I feel ambivalent about my last draft:
- For one thing, even though it is called a final draft, it’s incomplete with no written ending. I’m hanging on the “draft” bit in final draft.
- It’s entirely different from the first few drafts I’ve submitted! There are literally no remnants of the previous drafts that survived in this final draft. Absolutely nothing.
- Insecurity knocked: I might be over my head on this one. I am missing out Bernice Chauly’s valuable criticism on this final draft, since she won’t be in this final session. I don’t trust my own judgment. I thought I did pretty well on the last two drafts but the others ripped them apart.
- I like it. The previous drafts were annoying to work with because a part of me wanted it to work but another part of me felt the story wasn’t even that good.
- It actually fits the theme! My current draft is a creative non-fiction of my experience learning about Kuala Lumpur and the people in it. Previously, my short story centred around a Malay girl trapped in a pen-pusher life and the struggle between being an idealistic Generation Y against a Generation X parent. It’s interesting but… it’s not really showcasing unrepresented and/or marginalised people, is it?
My piece had gone under so many transformations.
Initially, it was a horror/fantasy fiction. The plot was similar to the one mentioned above but it had ghosts in the story. GHOSTS. I liked the ghosts, a homage to my previous obsession with Stephen King, but Bernice shot that story down. She said it was too long and the ghosts resulted from a death of a character which Bernice believed need not to die.
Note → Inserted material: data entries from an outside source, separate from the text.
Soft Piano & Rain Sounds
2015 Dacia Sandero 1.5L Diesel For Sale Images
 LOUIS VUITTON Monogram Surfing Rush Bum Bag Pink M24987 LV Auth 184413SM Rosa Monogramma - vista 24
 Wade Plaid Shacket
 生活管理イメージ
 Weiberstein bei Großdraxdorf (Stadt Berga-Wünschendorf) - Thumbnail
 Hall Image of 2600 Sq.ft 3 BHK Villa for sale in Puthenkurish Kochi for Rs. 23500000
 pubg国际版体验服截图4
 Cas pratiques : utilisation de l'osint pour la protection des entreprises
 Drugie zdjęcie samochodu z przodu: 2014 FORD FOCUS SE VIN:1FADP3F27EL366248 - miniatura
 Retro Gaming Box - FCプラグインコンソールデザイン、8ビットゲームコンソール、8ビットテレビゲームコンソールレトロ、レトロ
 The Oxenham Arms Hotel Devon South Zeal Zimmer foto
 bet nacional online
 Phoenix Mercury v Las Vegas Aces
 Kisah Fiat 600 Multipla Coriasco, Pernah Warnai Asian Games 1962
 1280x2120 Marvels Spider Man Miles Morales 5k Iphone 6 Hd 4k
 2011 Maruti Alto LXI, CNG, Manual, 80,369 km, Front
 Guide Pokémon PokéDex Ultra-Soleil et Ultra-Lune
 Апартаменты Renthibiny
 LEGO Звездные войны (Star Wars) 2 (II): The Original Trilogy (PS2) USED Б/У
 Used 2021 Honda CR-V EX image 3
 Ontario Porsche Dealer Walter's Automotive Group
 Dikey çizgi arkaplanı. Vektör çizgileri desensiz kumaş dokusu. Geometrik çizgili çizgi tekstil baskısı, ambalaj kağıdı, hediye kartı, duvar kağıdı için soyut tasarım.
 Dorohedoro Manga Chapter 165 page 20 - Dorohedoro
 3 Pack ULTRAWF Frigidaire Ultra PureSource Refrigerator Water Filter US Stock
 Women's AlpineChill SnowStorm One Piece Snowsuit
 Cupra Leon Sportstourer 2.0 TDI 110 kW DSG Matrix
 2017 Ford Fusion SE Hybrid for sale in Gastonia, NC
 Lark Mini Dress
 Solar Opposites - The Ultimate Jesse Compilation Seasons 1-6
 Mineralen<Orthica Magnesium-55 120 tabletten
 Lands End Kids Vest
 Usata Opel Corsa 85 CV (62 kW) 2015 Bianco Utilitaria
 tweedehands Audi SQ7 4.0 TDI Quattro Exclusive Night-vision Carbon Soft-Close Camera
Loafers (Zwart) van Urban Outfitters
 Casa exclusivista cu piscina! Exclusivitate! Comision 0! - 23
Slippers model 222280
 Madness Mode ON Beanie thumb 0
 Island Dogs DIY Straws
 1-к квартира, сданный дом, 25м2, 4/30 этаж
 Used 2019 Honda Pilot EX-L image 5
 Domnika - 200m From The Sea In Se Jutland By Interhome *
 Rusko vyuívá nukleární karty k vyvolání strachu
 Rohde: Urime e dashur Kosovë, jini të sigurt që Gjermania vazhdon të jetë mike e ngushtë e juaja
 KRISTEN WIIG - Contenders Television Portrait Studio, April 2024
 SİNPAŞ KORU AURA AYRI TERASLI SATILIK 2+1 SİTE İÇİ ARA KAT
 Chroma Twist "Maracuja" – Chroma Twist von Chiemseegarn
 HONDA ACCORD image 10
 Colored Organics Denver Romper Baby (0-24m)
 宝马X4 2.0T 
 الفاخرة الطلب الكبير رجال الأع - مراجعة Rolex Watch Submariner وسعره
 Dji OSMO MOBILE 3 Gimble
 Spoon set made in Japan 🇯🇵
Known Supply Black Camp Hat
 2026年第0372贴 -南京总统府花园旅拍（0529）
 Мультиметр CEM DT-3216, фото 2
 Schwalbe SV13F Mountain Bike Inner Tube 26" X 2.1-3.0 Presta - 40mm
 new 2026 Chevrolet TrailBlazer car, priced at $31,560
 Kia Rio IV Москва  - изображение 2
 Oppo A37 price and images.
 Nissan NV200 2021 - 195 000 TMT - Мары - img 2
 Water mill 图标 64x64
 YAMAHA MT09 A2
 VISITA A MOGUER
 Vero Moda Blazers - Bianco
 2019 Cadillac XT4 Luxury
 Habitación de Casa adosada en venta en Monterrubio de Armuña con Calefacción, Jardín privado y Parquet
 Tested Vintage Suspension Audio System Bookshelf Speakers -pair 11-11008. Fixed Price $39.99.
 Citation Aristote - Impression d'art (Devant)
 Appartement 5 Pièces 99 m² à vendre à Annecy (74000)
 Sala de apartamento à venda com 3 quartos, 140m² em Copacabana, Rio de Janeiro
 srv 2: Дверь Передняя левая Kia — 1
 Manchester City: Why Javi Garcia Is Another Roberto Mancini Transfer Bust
So, I axed the horror part of the story, which was honestly my favourite part of it, and focused on the coming-of-age angle. It was not fun. To showcase the trials of a pen-pusher, I had to do a very difficult balance of playing with gut-wrenching emotions but still depicting the dull numbness of an office environment. That was hard. Also, I was depressing myself for days because I wrote to Gary Jules’ “Mad World”:
Try listening to this song for 4 days straight.
So, when I received heavy criticism anyway – Bernice said it wasn’t depressing enough! – I thought, damn, I just can’t write about this character anymore. The character needed depth, which is difficult to develop in a short story format. But it also needed room for the oppressive office environment to be authentic. There’s a story but it is in the wrong format and it definitely does not fit the theme. I spent days, wracking my brain on how to fix the story. I didn’t touch it for days and I was running out of time.
Then, one day, at an off-chance I decided to drink hot chocolate, I ended up staying up until the wee hours of 4 am. Frustrated and bored out of my mind, I reread the blog posts I had on this blog regarding the programme and realised that I liked the blog posts more than the story I wrote.
So, everything fell into place.
I’m still nervous about the upcoming meet-up. I’m not too sure how the others will react to my sudden change of plans. Still, I’m planning to enjoy every minute of it! Who knows when will I be able to spend time with these lovely people?